🤖 AI Summary
This work proposes a zero-shot fully streaming text-to-speech (TTS) model that enables ultra-low-latency initiation and dynamic control during incremental text arrival. By aligning duration states through distribution matching, incorporating classifier-free guidance across conditional signals, and introducing a prompt-based text masking mechanism, the model supports transcription-free audio style transfer and real-time speaking rate adjustment mid-utterance. Evaluated on both standard zero-shot benchmarks and dedicated speaking-rate test sets, the method achieves speech quality comparable to existing baselines in both subjective and objective metrics.
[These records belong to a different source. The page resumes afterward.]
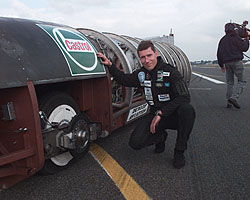 Driver Andy Green and burst left tyre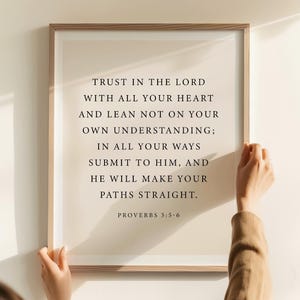 May include: A framed print with the text "TRUST IN THE LORD WITH ALL YOUR HEART AND LEAN NOT ON YOUR OWN UNDERSTANDING; IN ALL YOUR WAYS SUBMIT TO HIM, AND HE WILL MAKE YOUR PATHS STRAIGHT." The text is in black, with the Bible verse Proverbs 3:5-6.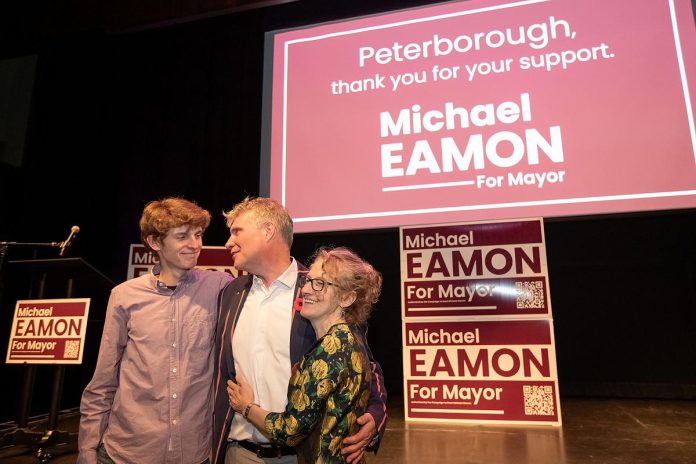 Mayor-elect Michael Eamon celebrates his victory with son Will and wife Jennine at Market Hall Performing Arts Centre in downtown Peterborough on October 26, 2026. (Photo: Jordan Lyall / kawarthaNOW)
Notably, it delivers a 4× real-time synthesis speed and a first-packet latency of only 74 ms on consumer-grade GPUs, demonstrating strong practicality for interactive applications requiring responsive and adaptive speech generation.
📝 Abstract
Full-stream text-to-speech (TTS) for interactive systems must start speaking with minimal delay while remaining controllable as text arrives incrementally. We present VoXtream2, a zero-shot full-stream TTS model with dynamic speaking-rate control that can be updated mid-utterance on the fly. VoXtream2 combines a distribution matching mechanism over duration states with classifier-free guidance across conditioning signals to improve controllability and synthesis quality. Prompt-text masking enables textless audio prompting, removing the need for prompt transcription. Across standard zero-shot benchmarks and a dedicated speaking-rate test set, VoXtream2 achieves competitive objective and subjective results against public baselines despite a smaller model and less training data. In full-stream mode, it runs 4 times faster than real time with 74 ms first-packet latency on a consumer GPU.